The very basis for that reboot is laid out at Pesach.  It is about our enthusiasm for our role as servants. That enthusiasm is rooted in our sense of connection to Hashem but it overflows in all directions.  This is called Shabbat Hagadol in contrast to the other major Shabbat, before Yom Kippur, which is called the Shabbat HaKatan. That is because this one is about Teshuva from love and the other one is Teshuva from fear.  It is a Chag of loving kindness, of an energy which is industrious but overflows with giving in many directions.


All around us, we see herculean efforts in giving.  The most rousing reaction to the plague, the most inspiring, is the mobilization of the caregivers -- the doctors, the nurses, the support staff, the EMTs, the sleepless public health officials, the vigilant police and firefighters, the national guardsmen making sure that the quiet streets stay that way.  Their reaction is to rise up selflessly to the challenge and to provide healing and protection wherever it is needed. We know they are professionals, but this level of dedication and sacrifice goes well beyond duty. Just as we say a Mi Sheberach in Shul for the military soldiers, so we have begun to say a Mi Sheberach in the Non-Minyan Minyanim for these soldiers in this horrific battle.  

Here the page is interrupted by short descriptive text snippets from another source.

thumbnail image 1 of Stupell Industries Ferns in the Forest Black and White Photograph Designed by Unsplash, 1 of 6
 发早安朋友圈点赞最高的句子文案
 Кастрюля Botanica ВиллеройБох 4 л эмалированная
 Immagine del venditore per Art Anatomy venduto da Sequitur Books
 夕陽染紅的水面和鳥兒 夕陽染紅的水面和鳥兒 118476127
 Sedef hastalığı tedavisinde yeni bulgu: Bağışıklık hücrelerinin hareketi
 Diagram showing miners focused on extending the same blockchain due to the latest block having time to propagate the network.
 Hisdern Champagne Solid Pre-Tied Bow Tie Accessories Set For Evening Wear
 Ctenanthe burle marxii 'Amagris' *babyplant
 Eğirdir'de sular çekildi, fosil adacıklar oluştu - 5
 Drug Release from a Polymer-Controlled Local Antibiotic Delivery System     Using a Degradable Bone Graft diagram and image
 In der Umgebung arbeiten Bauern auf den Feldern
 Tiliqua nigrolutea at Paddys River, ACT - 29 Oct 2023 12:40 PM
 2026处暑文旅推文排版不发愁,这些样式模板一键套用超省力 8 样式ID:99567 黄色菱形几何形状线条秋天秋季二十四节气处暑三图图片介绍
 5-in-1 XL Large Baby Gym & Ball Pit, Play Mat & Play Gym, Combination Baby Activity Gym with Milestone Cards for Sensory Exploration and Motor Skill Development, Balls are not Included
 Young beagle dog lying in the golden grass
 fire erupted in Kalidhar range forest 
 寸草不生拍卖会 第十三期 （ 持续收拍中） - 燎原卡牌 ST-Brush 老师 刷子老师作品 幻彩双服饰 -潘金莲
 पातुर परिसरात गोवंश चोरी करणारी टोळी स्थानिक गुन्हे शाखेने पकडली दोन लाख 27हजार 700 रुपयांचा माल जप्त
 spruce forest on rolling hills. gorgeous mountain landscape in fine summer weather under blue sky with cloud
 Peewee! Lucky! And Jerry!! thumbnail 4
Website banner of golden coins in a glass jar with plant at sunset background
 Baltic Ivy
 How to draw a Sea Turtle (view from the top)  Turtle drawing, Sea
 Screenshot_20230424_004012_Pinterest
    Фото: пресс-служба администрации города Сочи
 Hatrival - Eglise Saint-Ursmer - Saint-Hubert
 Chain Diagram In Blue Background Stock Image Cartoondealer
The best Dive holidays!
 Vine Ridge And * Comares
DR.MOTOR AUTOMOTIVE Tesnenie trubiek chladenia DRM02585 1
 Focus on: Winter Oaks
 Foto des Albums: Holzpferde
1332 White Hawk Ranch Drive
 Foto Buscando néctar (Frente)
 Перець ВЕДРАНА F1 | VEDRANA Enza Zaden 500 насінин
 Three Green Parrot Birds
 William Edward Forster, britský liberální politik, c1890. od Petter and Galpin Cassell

But we are all mobilized in this effort.  This is the stream, the torrent really, of giving -- of shopping for others while you shop for yourself, of running errands for others while running errands for yourself, of offering succor of all kinds, large and small.  You see the incredible scenes of people reaching out, the armies of volunteers doing Chesed, the feeding of the hungry for Pesach. You might not have expected anything different, but it’s still a scene to behold.


The separation is so hard.  Let’s internalize the ways we stand apart, so that we can engage properly -- in kindness, in generosity, in sweetness.